If Shorecrest were to stop offering APs–instead pursuing more enriching, fun, experience-based classes–parents would likely take their business elsewhere, and college competitiveness would drop. In this environment–one that College Board perpetuates–grades, inevitably, can’t just be grades: they’re your future, your measure of intelligence, your value as a person. Students, at the end of it, can’t be learning for the sake of learning. And that, quite frankly, sucks.
Presently, there’s no solution to this problem. For the time being, Shorecrest needs to keep APs in the spotlight in order to thrive. This means classes focused on exploration and creativity, where teachers can wholly dedicate themselves to what fascinates them and their students, are limited in both supply and demand.
As top colleges become more and more selective, high school students are forced to push harder and harder to achieve the bare minimum the world requires of them. In turn, this further fosters the atmosphere of stress and competition rampant within the walls of the school. Admin and faculty can’t change it–it’s entirely beyond their control.
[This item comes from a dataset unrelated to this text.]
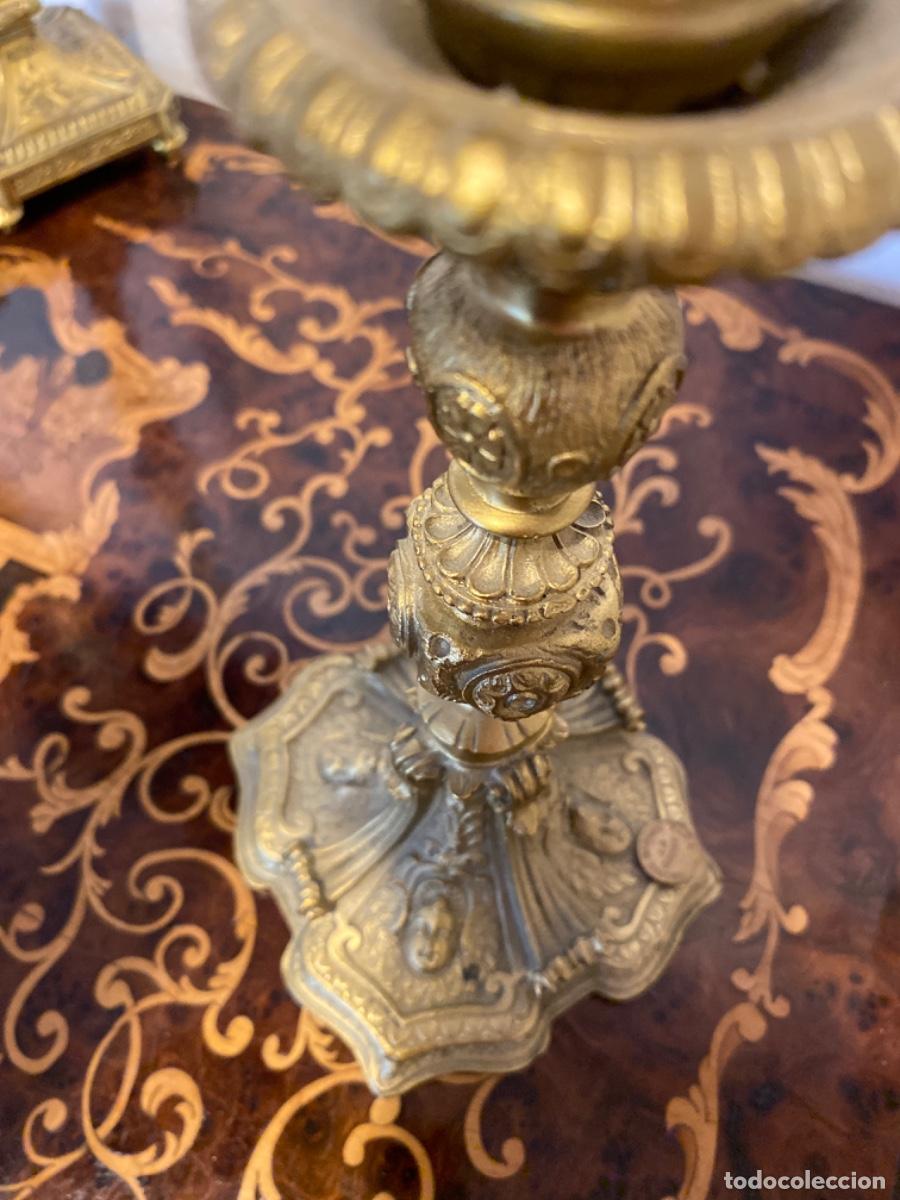 Antig&uuml;edades: Precioso candelabro de estilo barroco - Foto 3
All they can do is foster kindness and support whenever possible, and do what they do best: teach, despite the challenges.
Fortunately for Shorecrest, their educators aren’t ones to back down. “I think sometimes the biggest divide between the adults in this school and the students [is that] the students think the adults don’t understand,” said Scott. “[We] understand more than [the students] could possibly understand, but we play a game that we can’t change, and so we come to work every day being the most optimistic we can within a system we did not create…The adults on campus care so much, and they hear all of you.”